Die Corona-Hilfen der Bundesregierung an Banken und Konzerne bezeichnete Werneke in einem Interview mit dem Deutschlandfunk als „wichtig und notwendig“. In demselben Interview machte er deutlich, dass die Tarifforderungen von vorneherein nur zum Schein aufgestellt worden sind. Verdi habe sie als „Zeichen“ gesetzt, sagte Werneke: „Mal schauen, ob von den Arbeitgebern dann über diese Brücke gegangen wird.“
Die GEW-Vorsitzende Maike Finnern plädiert seit Monaten für die Offenhaltung aller Schulen, egal wie hoch die Infektionszahlen steigen. Und führende Politiker, die die Schulöffnungen an vorderster Stelle durchgesetzt haben, sind prominente Verdi-Mitglieder. Beispiele sind Sandra Scheeres (SPD), die Bildungssenatorin in Berlin, oder auch Britta Ernst, Bildungsministerin in Brandenburg, Ehefrau des designierten Kanzlers Olaf Scholz und Präsidentin der Kultusministerkonferenz. Beide werden bis heute vom Verdi-Bundesvorstand in keiner Weise angefochten, geschweige denn aus der Gewerkschaft ausgeschlossen.
Schon die Entscheidung vor 16 Jahren, die Beschäftigten im öffentlichen Dienst auf verschiedene Tarifrunden mit verschiedenen Verträgen aufzuteilen – TdL, TVöD, TVöD-SuE für das Kita-Personal, TV-N für Busfahrer und TV-L für Lehrkräfte, und wie sie alle heißen – diente dazu, die Arbeiterklasse zu spalten: Jeder Bereich führt seine eigene Tarifrunde für seinen eigenen Tarifvertrag mit eigenen, isolierten Warnstreiks und Trillerpfeifen-Aktionen. Das Klinikpersonal kämpft getrennt von den Altenpflegekräften, die Flughafenarbeiter getrennt von den Bus- und Straßenbahnfahrern, und alle zusammen getrennt von Postzustellern, Lokführern oder Arbeitern bei der Müllabfuhr. Und dabei sind sie alle bei Verdi organisiert.
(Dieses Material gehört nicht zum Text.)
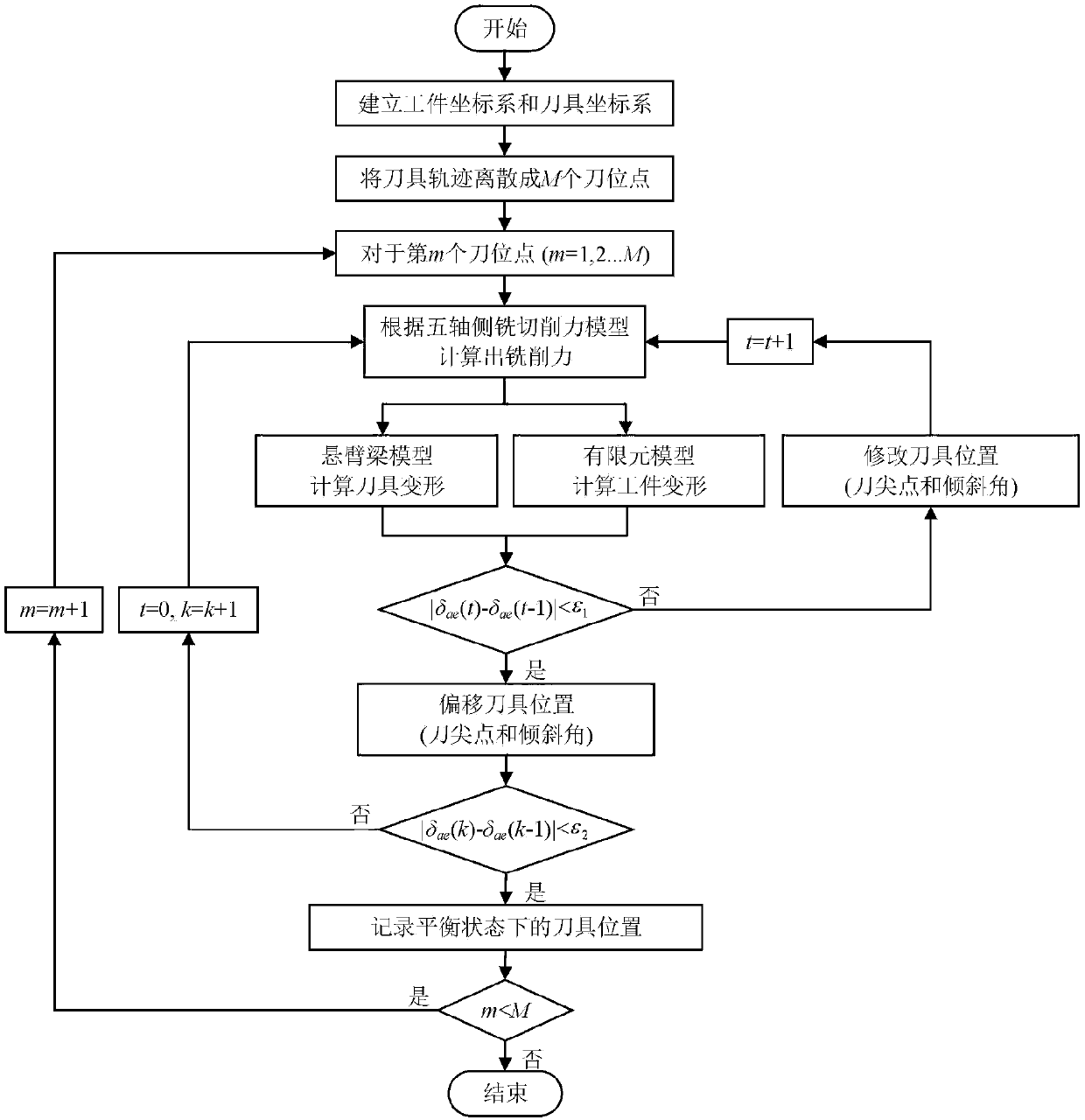 Five-axis side milling processing tool and workpiece deformation error compensation method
Was für ein ausgeklügeltes Ventil- und Kontrollsystem!
Dies allein zeigt schon, dass die Gewerkschaften die Beschäftigten an der Nase herumführen. Offiziell fordern sie 5 Prozent bei einer Laufzeit von 12 Monaten, mindestens 150 Euro monatlich, im Gesundheitswesen mindestens 300 Euro. Für die Azubis soll es 100 Euro monatlich mehr geben, und die studentischen Hilfskräfte sollen einen eigenen Tarifvertrag erhalten.
Allerdings haben dieselben Gewerkschaftsfunktionäre vor drei Jahren, als ihre Forderungen mit 6 Prozent noch etwas höher lagen, am Ende einem Tarifvertrag zugestimmt, der eine Laufzeit von 33 Monaten hatte. Die Gehaltssteigerungen lagen durchschnittlich unter 3 Prozent pro Jahr. Und die Arbeitsbedingungen haben sich massiv verschlechtert, seitdem Corona zu wüten begann.
Fakt ist, dass Verdi, GEW, IG Bau und dbb bisher sicherstellten, dass die öffentlichen Beschäftigten die Folgen der mörderischen Durchseuchungspolitik tragen, sowohl im Job, durch Arbeitsdruck und Lohndumping, als auch persönlich, durch Infektion, Krankheit und Tod. Wenn man diese hochbezahlten Bürokraten länger wirken lässt, werden sie den Beschäftigten jetzt zusätzlich auch noch die Kosten für die Corona-Politik aufbürden.
Es ist Zeit, dass Beschäftigte im öffentlichen Dienst beginnen, sich unabhängig von den Gewerkschaften zu organisieren. Die Sozialistische Gleichheitspartei (SGP) schlägt unabhängige Aktionskomitees vor, wie sie in Deutschland von Lehrern und Busfahrern, international auch schon von Autoarbeitern und Gesundheitspersonal aufgebaut worden sind. Diese Aktionskomitees werden die Arbeiterklasse in einer großen, einheitlichen und internationalen Massenbewegung zusammenschließen, um das kapitalistische Profitsystem abzuschaffen.